The project addresses the challenge of optimizing address clustering in densely populated areas like India, where non-standardized and incomplete address data complicate efficient delivery and logistical operations. Using advanced Machine Learning (ML) and Deep Learning (DL) techniques, our aim is to systematically organize addresses into cohesive clusters based on proximity, enhancing delivery route optimization, reducing transit times, and improving address verification processes.
- Aditya Mehta
- Andi Lian
- Manav Parmar
- Soumya Gupta
- Vanshaj Gupta
- Xinyuan Wang
The data, collected from a GitHub repository hosted by the Machine Learning Research Group at Université Laval (GRAAL/GRAIL), consists of addresses that have been cleaned and structured for analysis. This dataset includes addresses with multilingual entries, which were standardized using the GoogleTrans API for accurate clustering.
We employ a variety of state-of-the-art clustering algorithms including:
- K-Means clustering
- DBSCAN
- Self-organizing maps (SOMs)
- Hierarchical clustering
- Neural networks, including CNNs, RNNs (LSTM), and Transformer models (BERT)
- Introduction and Reference Collecting: Establish a foundational understanding and collect necessary literature.

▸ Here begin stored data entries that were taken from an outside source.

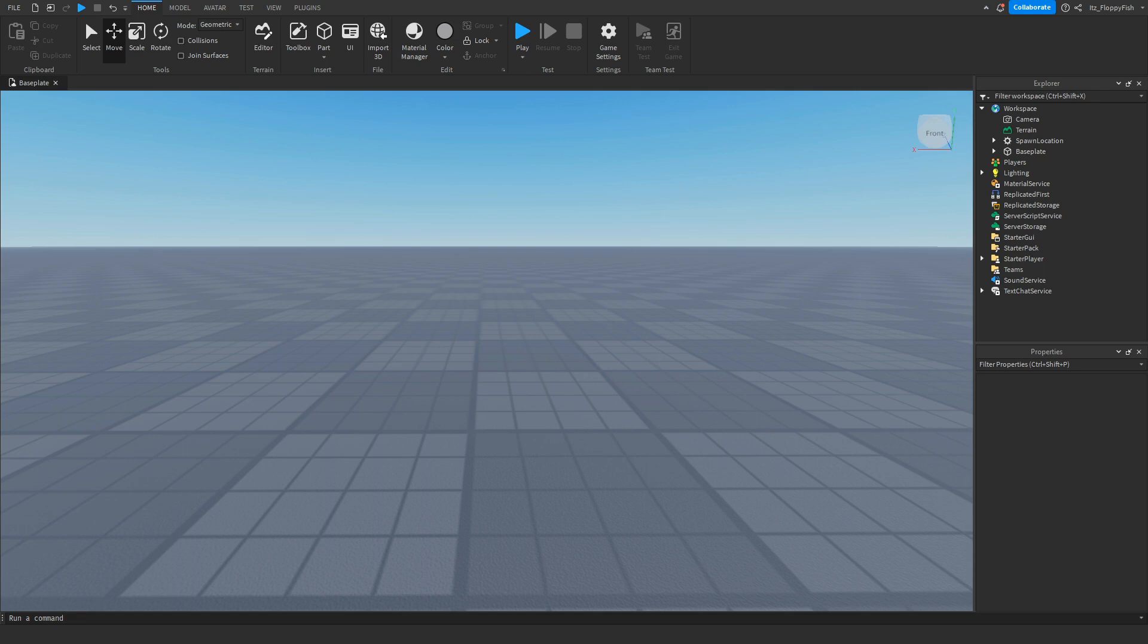Yo what's up guys, welcome back to a brand new Roblox Studio video. My name is Floppy and today I'm going to be showing you how to make a meet a developer badge.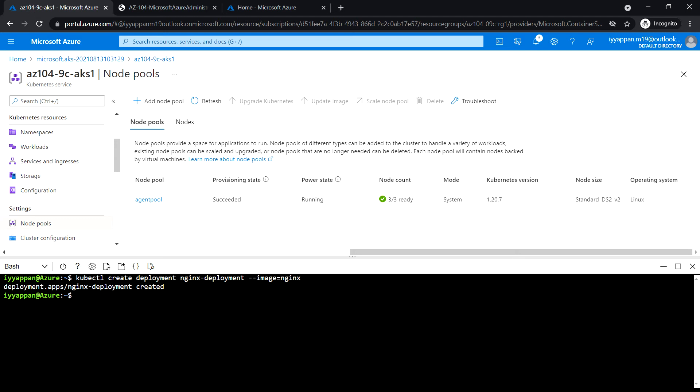Next, run the following to verify the Kubernetes pod has been created: kubectl get pods.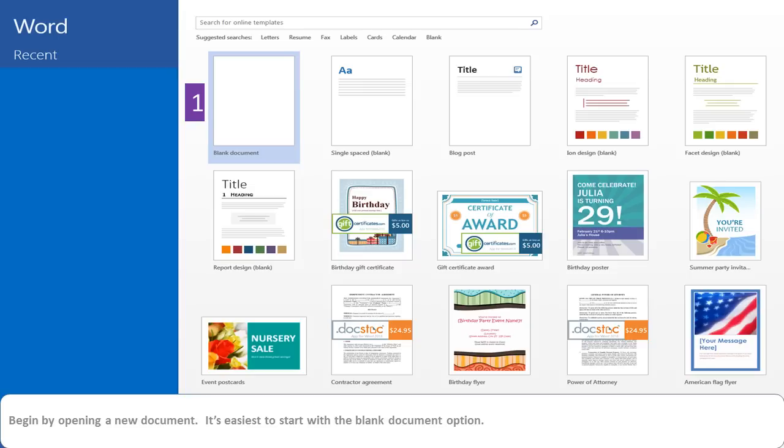Begin by opening a new Word document in Word 2013. It's easiest to start with the blank document option.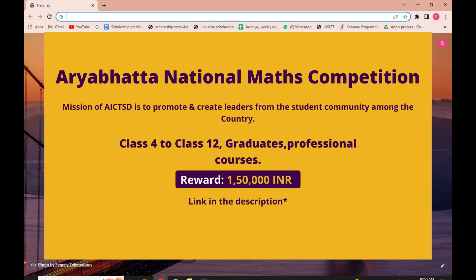The benefit of this competition is 1 lakh 50,000 rupees. This competition is open for all students of Class 4th to Class 12th, as well as undergraduate students and students of professional courses. The link for the application form is given below in the description box. To know the entire application process, keep watching our video.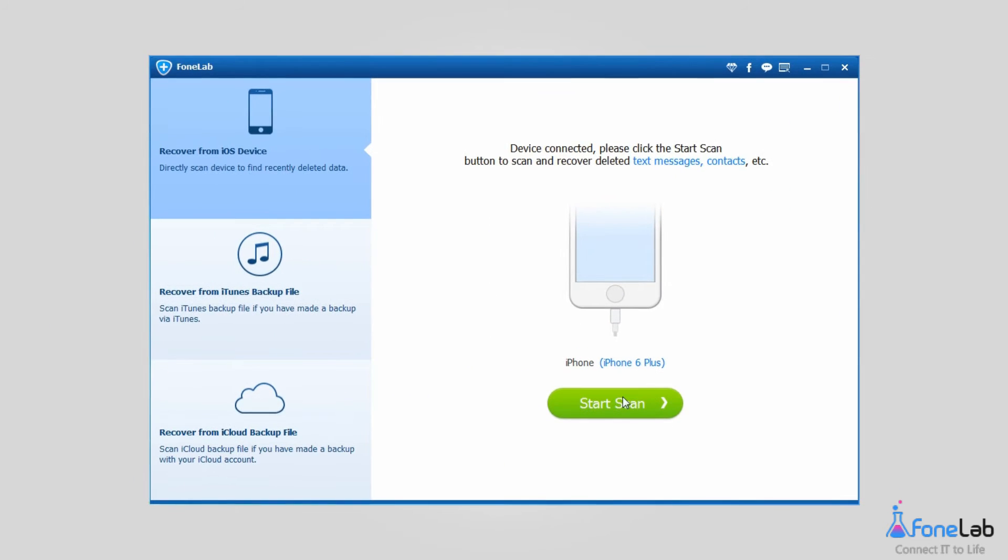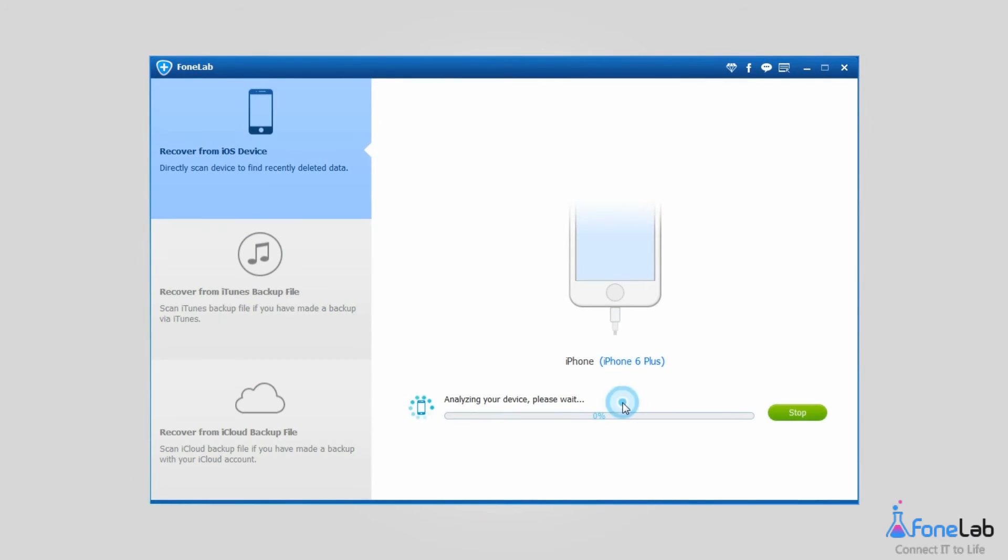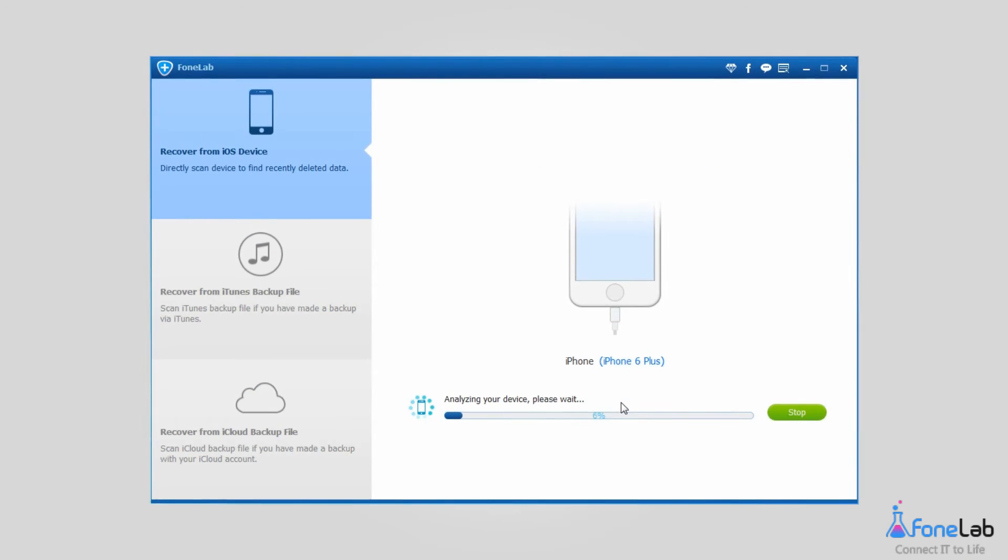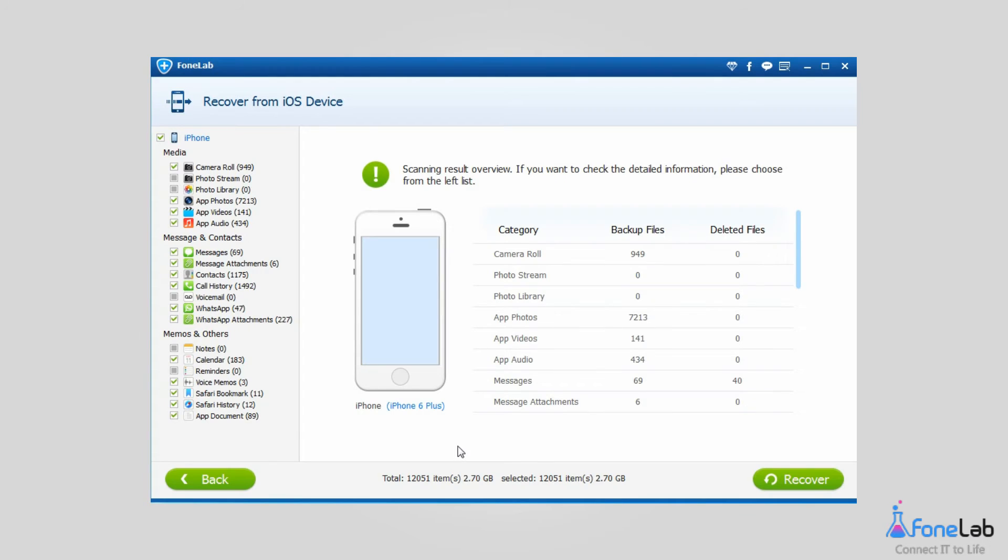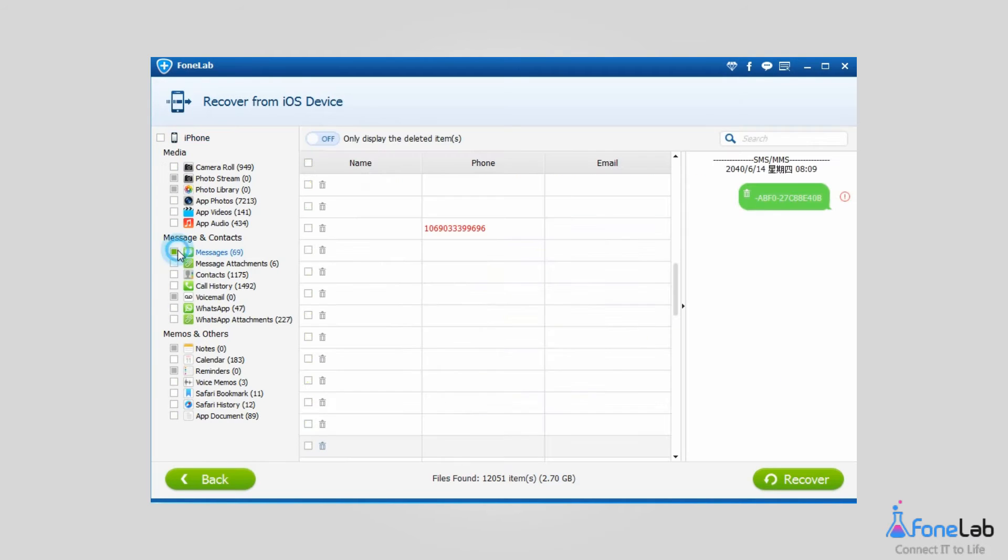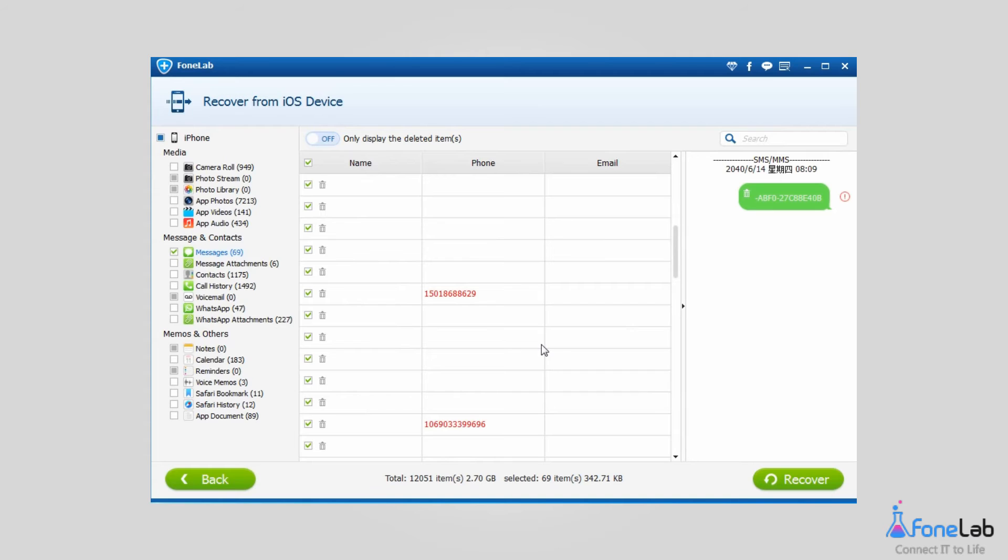Click Start Scan when you see it. It may take minutes to scan. Please uncheck iPhone and choose Messages if you want to recover SMS only. You can scroll down or type keywords in the search box to preview what you want.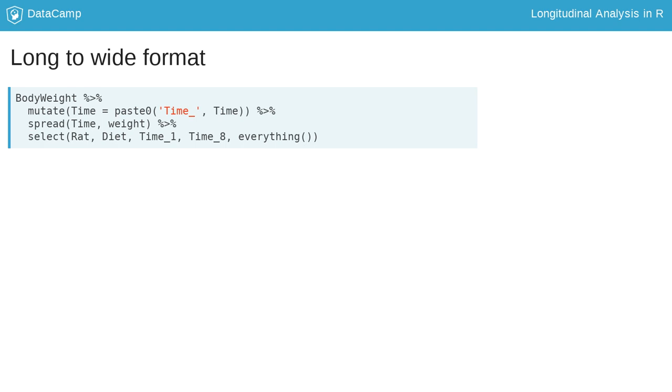Mutate creates a new variable that adds time underscore in front of the numeric time variable. This ensures valid column names in R. Next,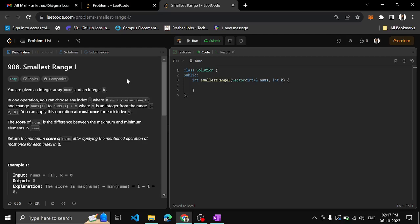Smallest Range 1. We are given an integer array and integer k. In one operation, you can choose any index i — that index i should be in the array range itself — and change nums[i] to nums[i] plus x, where x is an integer from the range minus k to k. You can apply this operation at most once for each index i. The score of the array is the difference between the maximum and minimum elements in the array. So return the minimum score of the array after applying the mentioned operation at most once for each index.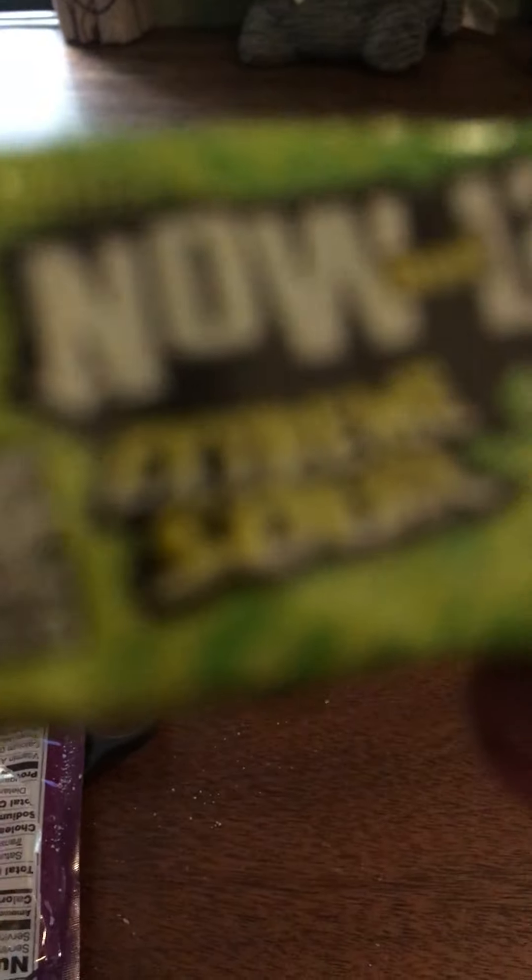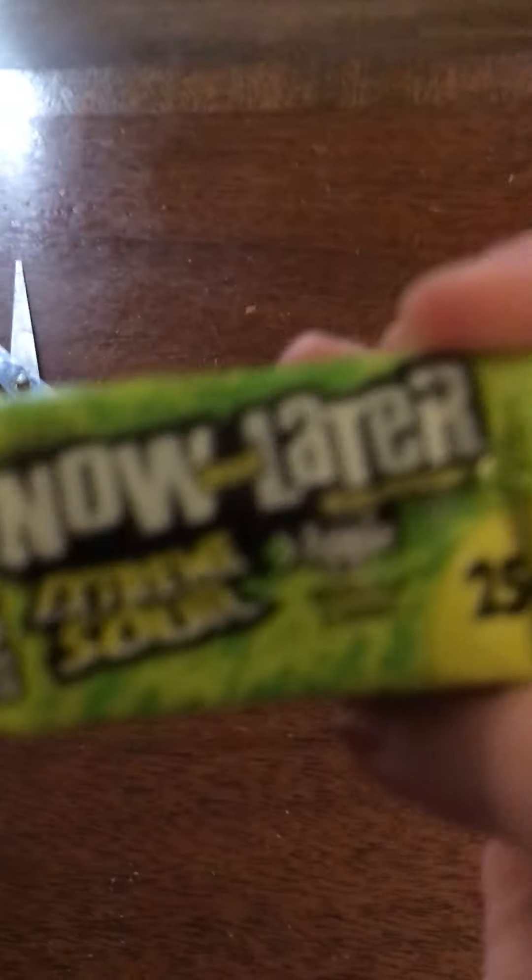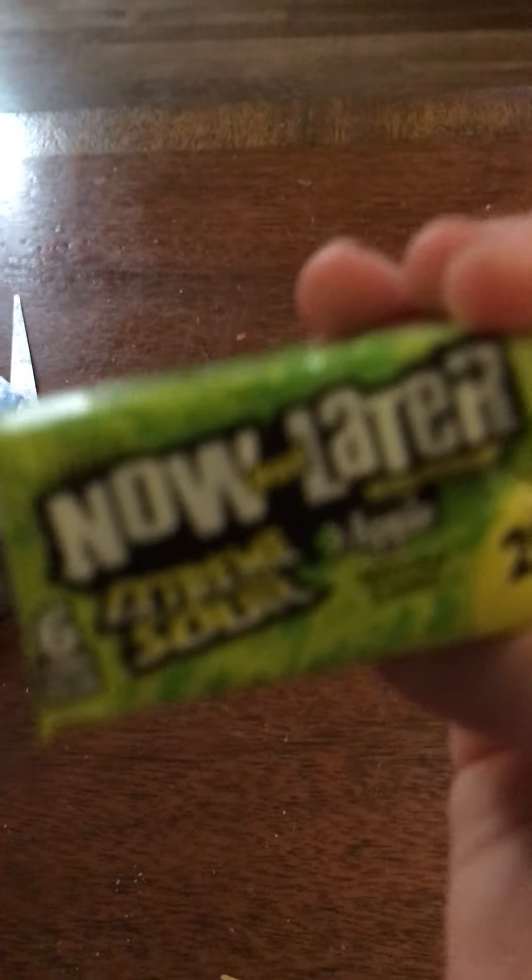So now let's try Now or Later Extreme Sour. You can't see that, and it's pretty darn.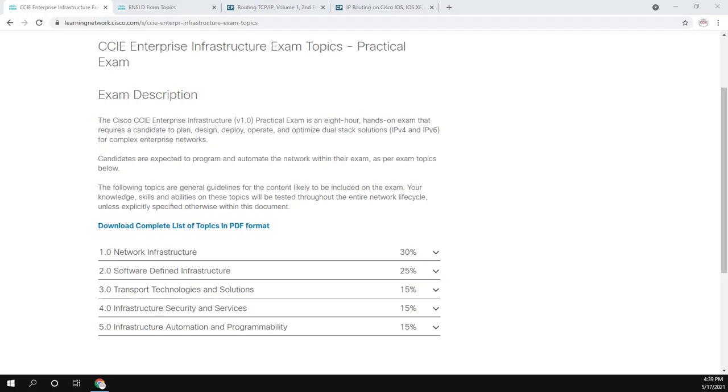Hey everyone. Today I am starting a new video series going over the IS-IS routing protocol.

- Dataset Preparation: Prepare and preprocess the dataset.
- Methodology Development: Develop and test various ML and DL models.
- Implementation and Testing: Implement the models and evaluate their performance.
- Results Analysis and Optimization: Analyze the outcomes and optimize the models.
- Conclusion and Future Work: Summarize findings and propose future research directions.
Model performance is evaluated using:
- Accuracy
- CH Index
- Silhouette Coefficient
-
Clone the repository
- git clone https://github.com/Vanshaj5101/Address-Clustering-Optimization/tree/main
- cd Address-Clustering-Optimization
-
Install dependencies
- pip install -r requirements.txt
-
Run the application
- python app.py
- Feb 2024: Problem definition and data collection.
- Mar 2024: Data preprocessing and model selection.
- Apr 2024: Model implementation and performance evaluation.
- May 2024: Finalization of project and future work proposals.
A list of academic and practical references used throughout the project is included in the references section of the repository.